The Church and the Modern City
An eminent member of the faculty of Harvard University and director of its Center for the Study of the History of Liberty in America, OSCAR HANDLIN is an authority on the immigrant in the United States. In 1952, Mr. Handlin was awarded the Pulitzer Prize in History for his sound and eloquent volume, THE UPROOTED.

OSCAR HANDLIN
THE American Catholics are an urban people. Fully 80 percent of them live in cities, perhaps one third of the total in the eight largest alone. The roots of Catholicism everywhere are planted in the parish, and in the United States they are firmly fixed in the urban parish. This environment has been the central element in the social experience of the Church in the New World.
The adjustments that have made American Catholicism what it is today are the end results of great dislocations in European society in the nineteenth century. An ancient faith, embedded in traditional practices and long rooted in a familiar environment, then faced the serious problems of migration, industrialization, and urbanization. It had to alter its practices, organization, and methods to meet the new needs, and yet do so without departing from dogmas and forms it considered timeless and universal. Nowhere was the challenge more acute than in the great cities of the United States.
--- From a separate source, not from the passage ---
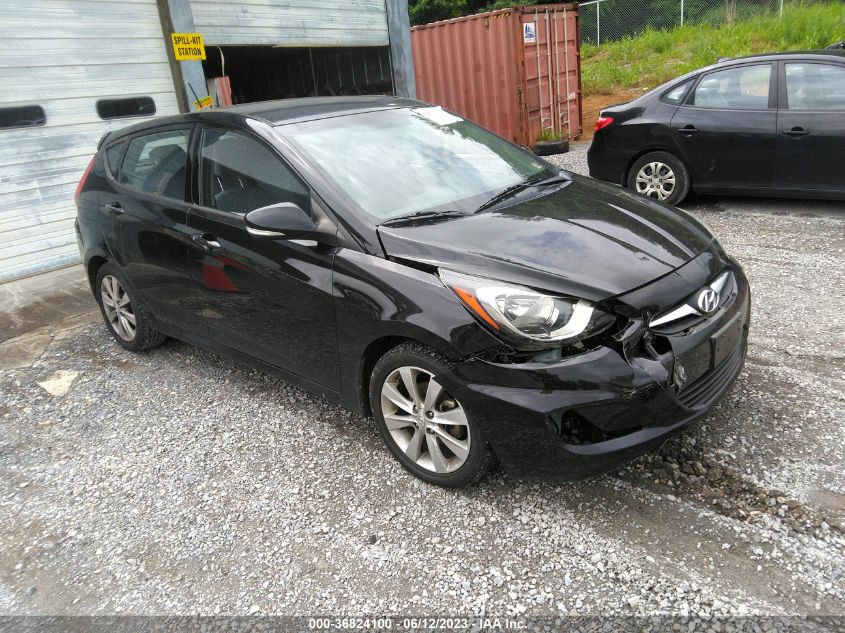 2013 HYUNDAI ACCENT SE - KMHCU5AEXDU104577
In the Old World, the Church had been an integral part of the communities in which it flourished, In the villages of peasant Europe, the Church was identified with the whole life of the people. There was no one who did not belong, or who failed to participate in the round of activities which added a religious dimension to every incident of the individual’s life, to every season of the group’s experience. The sanctions of the Church were rarely necessary in small communities where discipline was primarily a habit nurtured by the family and strengthened by the very circumstances of existence.
Until little more than a century ago, urban life was hardly more complex. In cities of relatively stable size, the body of communicants formed a homogeneous community, held together by guild and family as well as by religious ties. Here, too, the parish, after the sixteenth century, was the nucleus of organization, related in an orderly way to the existing structure of society.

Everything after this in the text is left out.